# bike swap meets?



## steel515 (Sep 6, 2004)

I've never been to one. When do they meet? Does buyer or seller have to pay a fee? I'm in Los Angeles.


----------



## Hollywood (Jan 16, 2003)

steel515 said:


> I've never been to one. When do they meet? Does buyer or seller have to pay a fee? I'm in Los Angeles.


this is probably your best bet, even though its in San Diego. Gets the most attendance by far.

Swap Meet » San Diego Velodrome Association


----------



## JaeP (Mar 12, 2002)

Hollywood said:


> this is probably your best bet, even though its in San Diego. Gets the most attendance by far.
> 
> Swap Meet » San Diego Velodrome Association


There are two velo swaps in Sandy Eggo. The one in Spring is not so well attended.

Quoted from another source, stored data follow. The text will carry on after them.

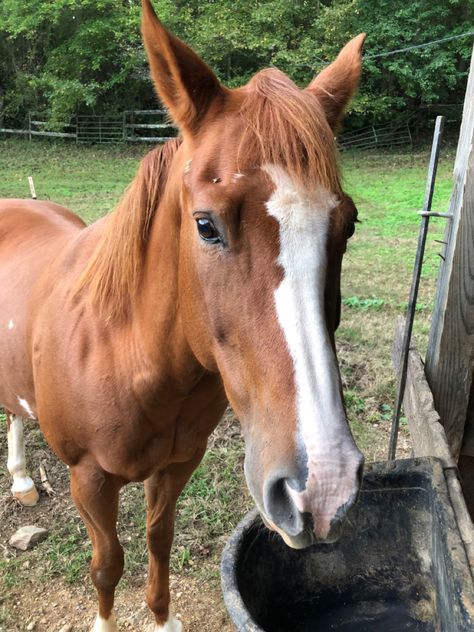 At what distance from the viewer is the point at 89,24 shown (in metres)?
19.2

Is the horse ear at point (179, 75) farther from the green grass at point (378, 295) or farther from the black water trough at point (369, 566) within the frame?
the black water trough at point (369, 566)

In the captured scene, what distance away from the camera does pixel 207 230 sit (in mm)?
1216

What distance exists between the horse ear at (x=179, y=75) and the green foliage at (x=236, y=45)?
17643mm

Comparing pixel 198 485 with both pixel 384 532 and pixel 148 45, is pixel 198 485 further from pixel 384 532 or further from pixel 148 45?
pixel 148 45

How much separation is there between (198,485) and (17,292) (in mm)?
1509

The one in Fall is the best.


----------



## jlmuncie (Jan 22, 2012)

There's one this weekend in Encino.

https://www.facebook.com/events/595033790565318/?ref_dashboard_filter=upcoming


----------



## JaeP (Mar 12, 2002)

Here's the Spring Velo Swap at the Sandy Eggo Velodrome.

Swap Meet » San Diego Velodrome Association


----------